**WORK TO BE COMPLETED**
In the records below, repeat word for word only the lines starting at the one that contains "At the Limits of Policical Philosophy From" and ending at the one that contains "When I Was Alice - Jennifer Murgia", pictures excluded.

**WORKING DATA**
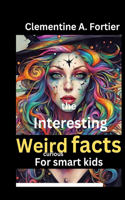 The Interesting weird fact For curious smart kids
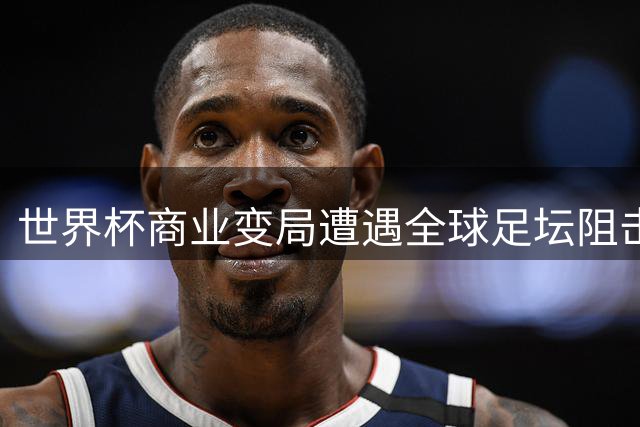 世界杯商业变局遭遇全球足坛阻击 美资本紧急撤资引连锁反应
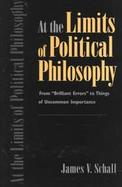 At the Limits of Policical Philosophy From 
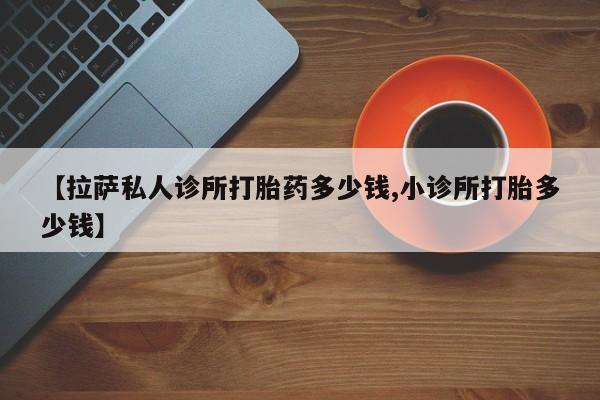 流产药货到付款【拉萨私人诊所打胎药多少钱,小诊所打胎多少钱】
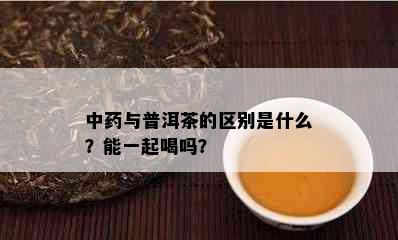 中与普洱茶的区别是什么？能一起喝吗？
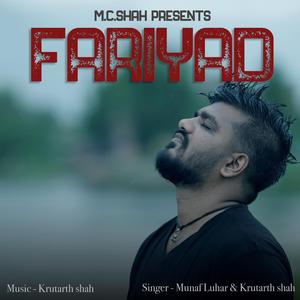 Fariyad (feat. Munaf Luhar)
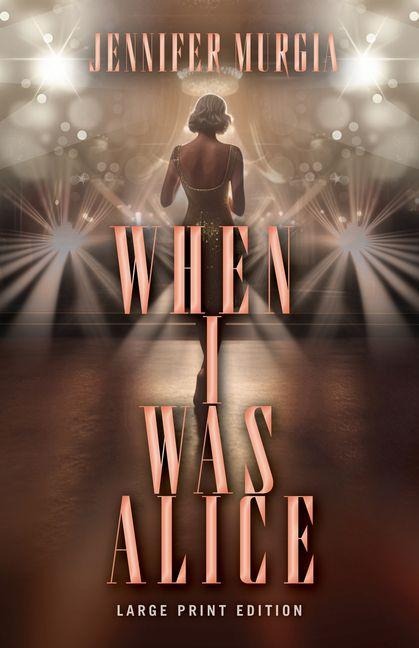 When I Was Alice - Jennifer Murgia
--
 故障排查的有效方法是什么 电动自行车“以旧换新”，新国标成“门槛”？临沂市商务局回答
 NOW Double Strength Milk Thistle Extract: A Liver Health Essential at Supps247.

**ANSWER TO THE PROBLEM**
 At the Limits of Policical Philosophy From 
 流产药货到付款【拉萨私人诊所打胎药多少钱,小诊所打胎多少钱】
 中与普洱茶的区别是什么？能一起喝吗？
 Fariyad (feat. Munaf Luhar)
 When I Was Alice - Jennifer Murgia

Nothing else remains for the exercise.